Sumner's notes on the subject of keeping the marines busy are brief and spare; his 'diary' of the expedition's preparations are impersonal and a little formal, like he knew that someone else was going to be reading it and that that someone didn't really give a crap about what Marshall Sumner thought about anything. Of course, he probably expected that that someone would be a general asking for an accounting once Atlantis was back in contact with Earth and not his successor three days after mission launch, but that, too, is a bit of an extrapolation. John found the file on Sumner's laptop easily enough -- top of the list under Documents on the start menu -- but, nonetheless, he's coming to accept that Sumner is going to make him work for whatever he gets. When he has a little more time on his hands to do things like reflect, John will maybe appreciate that he's going to end up having a better working relationship with Sumner after killing him than before.
In the meanwhile, he has to work with the very much alive Elizabeth Weir, who is still looking at him like they left his brain turned off when they restarted his heart.
"Besides," he goes on, still pretending that there's nothing at all worrisome about handing their food supply over to the marines, "who else is going to do it? The scientists don't even want to move their personal crap to their quarters on their own because it's allegedly below their pay grade. And it's not like they're gourmets or anything."
Right on cue, McKay walks by, devouring an MRE entrée with great enthusiasm and wiping sauce away from his mouth with the back of his hand. He's talking to another civilian, who is scarfing down one of the energy bars with the purple wrapping, the kind that are so nasty that even the marines won't eat them unless dared to.
Elizabeth has taken a deep breath as if to offer up a protest, but she ends up sighing instead, frowning as she watches the pair. "Very well," she says. "But try to emphasize that Atlantis is home to a diverse group of palates as well as personalities?"
John tries to imagine the reaction to telling the marines that there has to be a vegan option. "I'll do my best," he promises, putting on his most earnest expression.
The marines take the news about KP duty with equanimity. They know that someone is going to have to handle food prep, that the civilians don't want the job, and that the sooner they get off the MRE-based diet, the better and for more reasons than epicureanism or emergency stores. ("Won't have to worry about the toilet paper supply if this keeps up," one of them cracks.)
"Don't get fancy," John tells them. "Just stick to stuff you know how to make and that can be made in quantity. Also, make sure there's something for anyone whose diet is restricted for whatever reason -- don't point 'em at the salad and tell 'em to deal."
Medical has promised to survey the personnel records for things like food allergies -- not who has what, but just how prevalent they are and how serious. One guy with a mild peanut allergy doesn't have to be catered to; two dozen people with lactose intolerance will probably require some accommodation.
That's as far as John's direction goes; he leaves the details to Ford and Sergeant Laganzo, who ends up being their first Kitchen NCO after receiving assurances that it's not a permanent change in his MOS and they'll probably make it a monthly duty.
Scouting out a location for the DFAC and setting it up turns out to be a pretty good exercise for the marines -- it gets them familiarized with the city and it lets them build stuff, which is probably their favorite professional activity after destroying things. It also keeps them mostly out of the hair of the civilians, who if they don't need the marines to do something for them are turning out to be rather vocal about their preference that anyone in uniform should be neither seen nor heard.

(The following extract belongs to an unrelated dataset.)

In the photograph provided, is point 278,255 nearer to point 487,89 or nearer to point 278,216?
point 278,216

The ideal is to find an actual Ancient kitchen, but nobody seems sure that the Ancients did anything so pedestrian as eat (or shower; they're not finding a regular supply of Ancient bathrooms, either) and so they'll settle for some place with enough ventilation to set up their own wood-burning stoves and a counter on which they can plug in the microwaves someone thought to pack.
The search takes a while, longer than even the marines' learning curve for what passes as normal in the wacked-out dollhouse that is Atlantis, and there are a few false alarms as promising locations are nixed one after the other.
"They thought they had a great location," Ford sighs to him one afternoon during their daily meeting. John is hoping to cut these back to every few days or, even better, as-needed, but right now Ford needs them to be daily. "It had really good natural light and it was almost a regular shape, too. But some alarm kept going off every twenty-eight minutes and nobody could figure out how to make it stop."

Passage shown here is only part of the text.